Under Reggie, all six New England states plus Delaware, Maryland, New Jersey and New York have agreed to set limits on the greenhouse gases released from their regulated electric-generation facilities. Vermont shares in the proceeds from quarterly auctions of Reggie permits, each of which allows a plant to release one ton of carbon dioxide. The state received $685,000 from the latest auction, which took place in June, even though its electric generating plants emit virtually no CO2 for the purposes of Reggie.

“We negotiated really well,” explains Dick Valentinetti, head of the air-quality program in the Agency of Natural Resources. He was among the officials who represented Vermont in discussions in 2002 that led to the launch of Reggie five years later.

Vermont Yankee, the largest in-state electric power facility, does not emit greenhouse gases, while the McNeil wood-chip plant in Burlington, which does emit some, is covered by a Reggie exemption for facilities that rely on biomass for more than 50 percent of the power they generate. The only generators in Vermont covered by Reggie are a pair of small and seldom used gas turbines, one in Montpelier Junction owned by Green Mountain Power and the other belonging to the Burlington Electric Department and situated on the city’s waterfront alongside the defunct Moran Plant.

Reggie’s June auction raised a total of $104 million that the 10 states must invest in renewable-energy projects or in efforts to conserve power. About 33 million carbon-emission permits were auctioned online by a nonprofit corporation that operates under Reggie’s auspices. The nearly 31 permits for the current year brought a price of $3.25 each, which was 8 percent lower than the $3.51 fetched at the March auction.

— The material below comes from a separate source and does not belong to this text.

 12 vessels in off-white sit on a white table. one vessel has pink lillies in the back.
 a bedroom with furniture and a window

More than 2 million permits for an emission-control period beginning in 2012 sold for $2.06 each, down by one-third from the price for the futures in the March auction.

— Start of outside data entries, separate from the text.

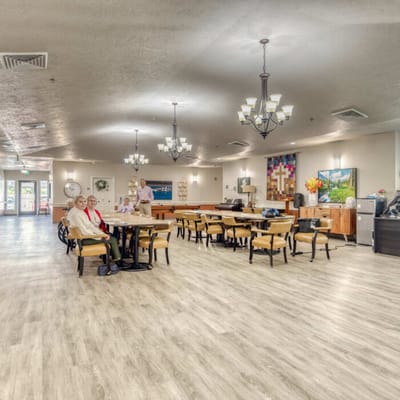 Bright common area with residents and staff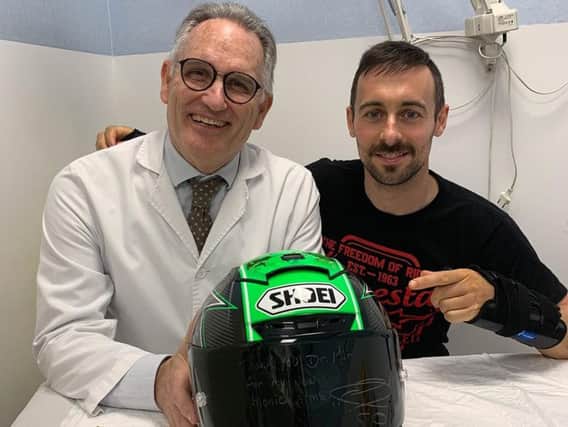 Eugene Laverty with Dr. Mir, who carried out the surgery on his fractured wrists in Barcelona.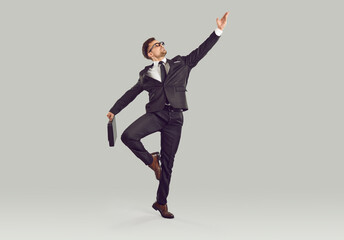 Agile energetic office worker dancing isolated on grey background Full body length shot young business man in classic suit and tie holding diplomat case and doing graceful pirouette like ballet dancer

Valentinetti suggests that uncertainty stemming from Congress’ work on a national cap-and-trade system “definitely dampened” the Reggie futures market. The climate bill approved by the House of Representatives in June contains a provision that would pre-empt Reggie starting in 2012. It remains to be seen how the Senate will act on this legislation, and so the futures market for Reggie permits is behaving warily.

If prices for emission allowances up until 2012 hold steady, Vermont’s share of auction proceeds will amount to about $2.3 million per year. That windfall would appear to confirm Gov. James Douglas’ claim last year that Reggie “will have tangible benefits for Vermont,” even though the state already maintains what the governor described as “the most climate-friendly energy portfolio in the United States.”

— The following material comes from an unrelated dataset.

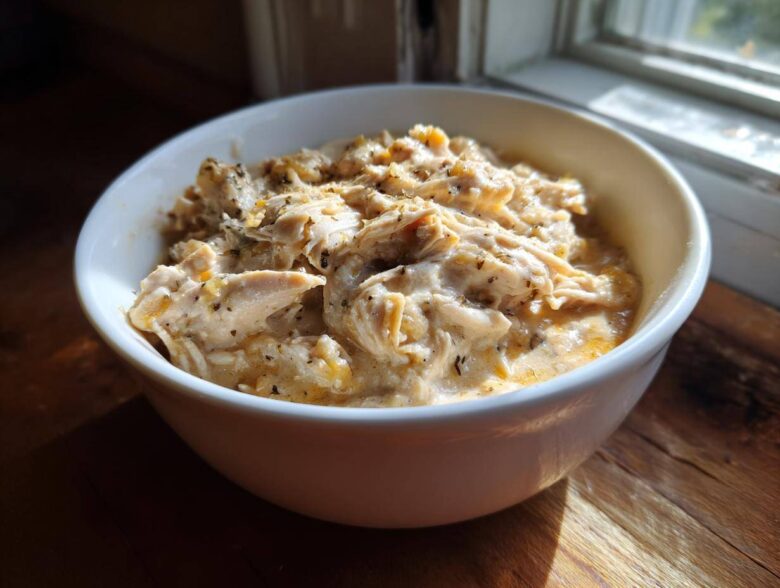 A white bowl filled with creamy, shredded crockpot white chicken chili, seasoned with herbs.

All of Vermont’s proceeds from Reggie for the current year are being funneled to the Public Service Department for home weatherization projects. The Reggie money is enabling scores of additional Vermont households to get energy-saving advice as well as home modifications that will reduce power consumption.

Beginning next year, Reggie proceeds will be split between the Public Service Department and Efficiency Vermont, a nonprofit organization that contracts with the Public Service Board to provide energy-saving technical services and financial incentives to homes and businesses in the state. Action by the Vermont Legislature will allow Efficiency Vermont to use its portion of the Reggie funds to help households that are not currently eligible for the state’s weatherization program, says Efficiency Vermont director Blair Hamilton. Under existing standards, a 4-person household in Chittenden County must earn less than $45,060 a year to qualify for state weatherization assistance.

Efficiency Vermont also plans to expand its assistance to Vermont businesses, Hamilton says. In addition to buying permits, power plants in participating Reggie states can use offset allowances to meet carbon emission goals. Offsets can be achieved in a variety of ways, including reductions in methane output from landfills and dairy farm manure management, cuts in sulfur hexafluoride emissions from electric power stations and sequestration of carbon through tree planting.